On arrival at the job site, the concrete is transferred over the top of the temporary steel barrier into the hopper of the ISF 25i and from there to the slab paving kit of the slipform paver via two synchronized conveyors. On account of the special site conditions outlined above, the time frame available for working was never more than six hours. This made it eminently important to maximize productivity within this narrow time frame so that the construction work could proceed efficiently. As a result, around 32 m³ of concrete were paved per hour, making almost 200 m³ per six-hour shift. The work was undertaken in 12 consecutive shifts followed by two rest days. All the other materials needed for the project as a whole, i.e. around 300 t of reinforcement, as well as 25,000 tie bars and 3,000 dowels, dowel bars and curing material, had to be delivered during the night, within the same time frame. Another major challenge, also in terms of the logistics.

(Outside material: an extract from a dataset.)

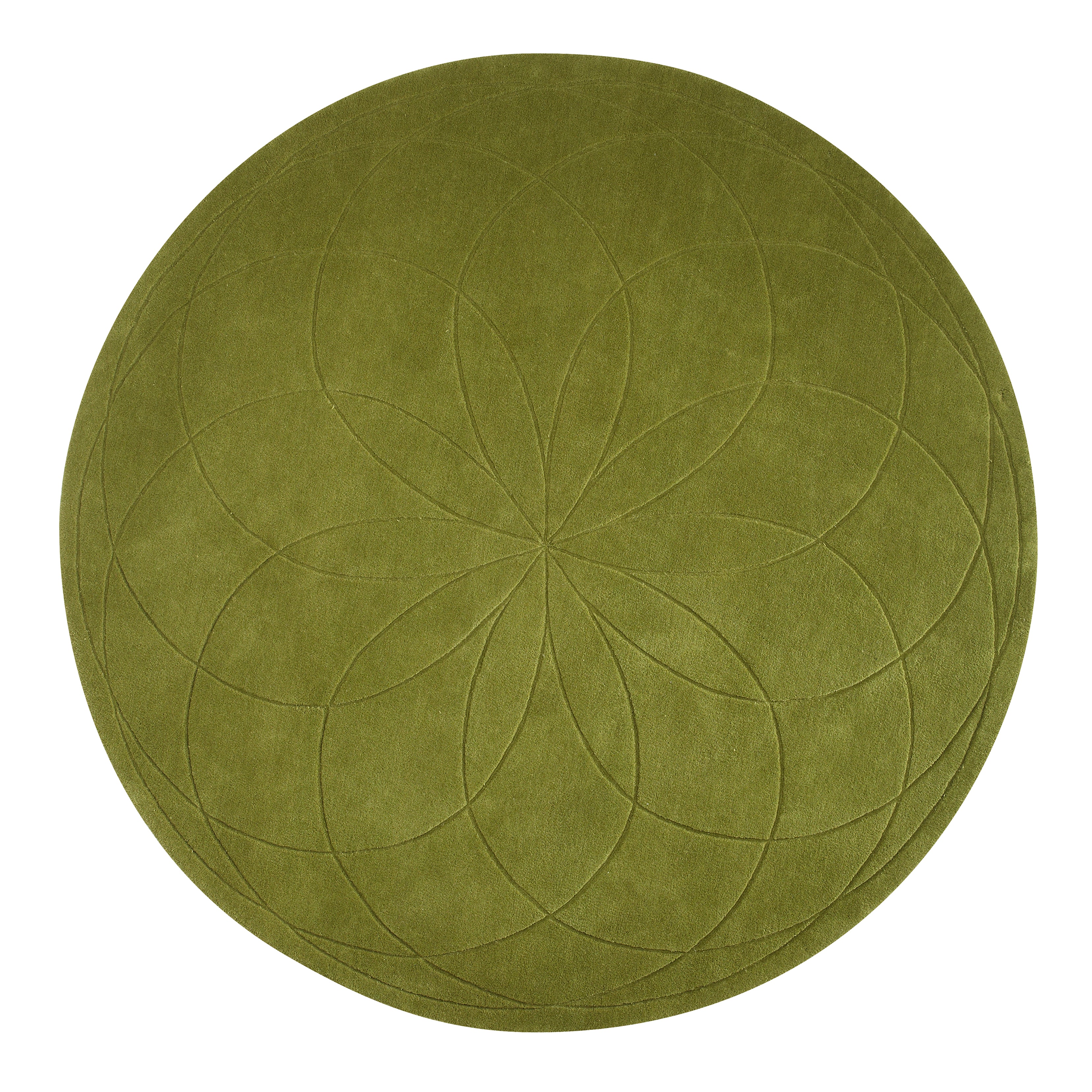 Lotus Round Rug: Large + Pea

SP 25i with Auto Pilot Field Rover
The compact slipform paver SP 25i is a multifunctional all-rounder for high-grade inset slipforming of narrow concrete roads, individual traffic lanes, minor rural roads and cycle paths. The multi-functional machine’s outstanding features include the slipform paver’s convenient operation, the high speed at which it can be transported and repositioned and its fuel-saving engine concept. The machine’s application-related and economic advantages are unbeatable, however, when combined with the Wirtgen Auto Pilot Field Rover which
was presented in early 2013 and won the bauma Innovation award 2013. “Paving concrete on narrow roads or individual traffic lanes is an ideal job for our Auto Pilot Field Rover,” explains Martin Datzert, sales and applications specialist for slipform pavers at Wirtgen Windhagen Vertriebs- und Service GmbH.
Good-bye to stringlines
For the first time ever, the Wirtgen Auto Pilot Field Rover has made it possible to produce concrete pavements fully automatically without stringlines. This means that road construction firms can now complete their jobs considerably more easily, quickly and above all economically, as the exceedingly time-consuming job of installing stringlines is no longer required. Stringline-free concrete paving works for a range of very different basic conditions from 3-m-wide pavements for a cycle path to concrete barriers on a motorway. If the concrete profile is to be slipformed on an existing roadway edging, the user can calculate the optimum virtual stringline on site in a matter of minutes. For the first time, the customary stringline can indeed be replaced in practice.
This advantage proved particularly useful for the construction project on the M6 motorway. “Another decisive advantage of the Auto Pilot Field Rover was that we did not have to install stringlines, as the Highways Agency had prohibited the use of posts drilled into the ground for attaching the stringlines. Such posts could have damaged underground cables,” reports Site Manager Dom Egan, Extrudakerb Ltd. “What’s more, the Auto Pilot allows the machine and job site to be set up more speedily, maximizing the time frame available for paving the concrete. A decisive factor in view of the short time frames specified for the M6,” says Egan.